Editor's note: This story has been updated to include a comment from Sears' Chief Digital Officer emailed to Retail Dive.
Dive Brief:
- Sears has expanded its product leasing business to its namesake and Kmart websites, allowing customers to make purchases online of at least $200 in monthly, weekly or bi-weekly installments, according to a company blog post.
- Sears' leasing program, first launched in stores in 2012 with financing company WhyNotLeaseIt, resembles the rent-to-own model. Customers can have products shipped to them immediately, rather than paying in installments before acquiring the product, as through a layaway program. Leena Munjal, Sears' chief digital officer, said in the post that Sears has processed 1 million leases since launching the option six years ago.
- Leasing at Sears requires no credit or reference checks for customers. Some standard lease options available can add 45% to the ticket price of an item, or potentially more than 200%, according to Retail Dive's review of Sears' lease program.
Dive Insight:
Sears' leasing expansion to its online platforms will almost certainly give the program broader reach. Munjal said that the move made Sears "the only national full service retailer to offer a full assortment of products to lease both online and in-store" and added that customers could tack on services like installation into their leases.

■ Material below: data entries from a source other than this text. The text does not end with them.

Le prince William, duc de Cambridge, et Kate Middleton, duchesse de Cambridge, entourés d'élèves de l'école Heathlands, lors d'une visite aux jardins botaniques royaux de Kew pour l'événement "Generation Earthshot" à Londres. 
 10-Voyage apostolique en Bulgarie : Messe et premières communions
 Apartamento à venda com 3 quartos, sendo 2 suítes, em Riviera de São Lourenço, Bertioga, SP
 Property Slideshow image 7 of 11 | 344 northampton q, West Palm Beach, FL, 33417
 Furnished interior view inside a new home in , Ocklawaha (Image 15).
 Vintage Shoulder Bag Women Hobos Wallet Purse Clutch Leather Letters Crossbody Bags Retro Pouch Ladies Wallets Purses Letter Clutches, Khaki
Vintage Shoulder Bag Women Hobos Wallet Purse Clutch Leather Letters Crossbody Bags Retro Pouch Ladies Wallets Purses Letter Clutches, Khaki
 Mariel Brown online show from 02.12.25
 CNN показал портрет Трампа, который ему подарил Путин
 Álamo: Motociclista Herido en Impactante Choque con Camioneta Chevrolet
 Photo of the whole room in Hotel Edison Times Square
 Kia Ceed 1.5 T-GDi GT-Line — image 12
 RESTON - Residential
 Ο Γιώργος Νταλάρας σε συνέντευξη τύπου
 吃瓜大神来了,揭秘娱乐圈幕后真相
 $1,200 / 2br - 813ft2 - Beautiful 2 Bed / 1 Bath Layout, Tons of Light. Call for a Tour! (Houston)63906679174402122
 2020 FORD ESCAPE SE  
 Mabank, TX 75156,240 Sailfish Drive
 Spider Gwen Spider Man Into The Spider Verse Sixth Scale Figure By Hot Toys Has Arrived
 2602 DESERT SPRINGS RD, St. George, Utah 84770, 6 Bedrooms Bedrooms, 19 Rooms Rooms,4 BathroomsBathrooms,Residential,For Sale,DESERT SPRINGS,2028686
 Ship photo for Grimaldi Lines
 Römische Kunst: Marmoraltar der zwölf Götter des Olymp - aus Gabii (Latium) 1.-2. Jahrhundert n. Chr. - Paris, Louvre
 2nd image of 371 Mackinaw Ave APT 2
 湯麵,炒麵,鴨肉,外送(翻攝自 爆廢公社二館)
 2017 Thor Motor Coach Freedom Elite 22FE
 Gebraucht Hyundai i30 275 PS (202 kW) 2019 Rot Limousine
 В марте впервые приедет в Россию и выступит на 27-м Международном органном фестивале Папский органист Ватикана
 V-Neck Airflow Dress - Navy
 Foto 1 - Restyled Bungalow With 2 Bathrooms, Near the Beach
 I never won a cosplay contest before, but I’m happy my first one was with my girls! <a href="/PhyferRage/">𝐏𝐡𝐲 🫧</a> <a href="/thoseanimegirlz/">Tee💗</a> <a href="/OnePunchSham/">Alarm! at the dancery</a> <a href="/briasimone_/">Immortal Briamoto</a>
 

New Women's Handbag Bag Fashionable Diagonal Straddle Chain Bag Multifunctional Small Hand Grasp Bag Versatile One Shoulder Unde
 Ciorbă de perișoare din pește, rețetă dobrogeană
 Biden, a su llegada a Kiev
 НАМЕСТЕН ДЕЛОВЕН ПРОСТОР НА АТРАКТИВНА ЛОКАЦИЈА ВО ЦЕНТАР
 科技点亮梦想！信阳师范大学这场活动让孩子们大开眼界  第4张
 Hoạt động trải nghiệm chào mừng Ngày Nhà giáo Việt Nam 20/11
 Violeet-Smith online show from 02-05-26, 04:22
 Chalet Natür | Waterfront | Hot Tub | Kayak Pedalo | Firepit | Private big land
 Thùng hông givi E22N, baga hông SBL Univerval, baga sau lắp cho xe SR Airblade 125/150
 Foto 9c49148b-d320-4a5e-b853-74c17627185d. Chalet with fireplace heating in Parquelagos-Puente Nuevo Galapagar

The expansion of leasing could pose some financial risks for Sears, as it ships merchandise with little upfront payment to customers with potentially poor or no credit histories. But, as with other retailers who opt into the leasing model, the steep premiums added to prices on leased products hold the potential for high profits.
On a $1,000 lease, for example, consumers could make an early purchase in 30 days, bringing the full cost to $1,050 (a 5% premium over the ticket price). However, on a five month lease (the minimum term), customers who have paid five $180 monthly payments, and who choose to buyout the lease for an additional $550, end up buying the item for $1,450, or 45% above the ticket price, according to Sears' lease calculator.
At five months, customers could also opt to return the item entirely or continue making monthly payments up to 18 months, the maximum lease length, according to a Sears spokesperson. At that point, a customer making monthly installments on a $1,000 lease would have paid $3,240 — more than three times the original ticket price (and a 224% premium).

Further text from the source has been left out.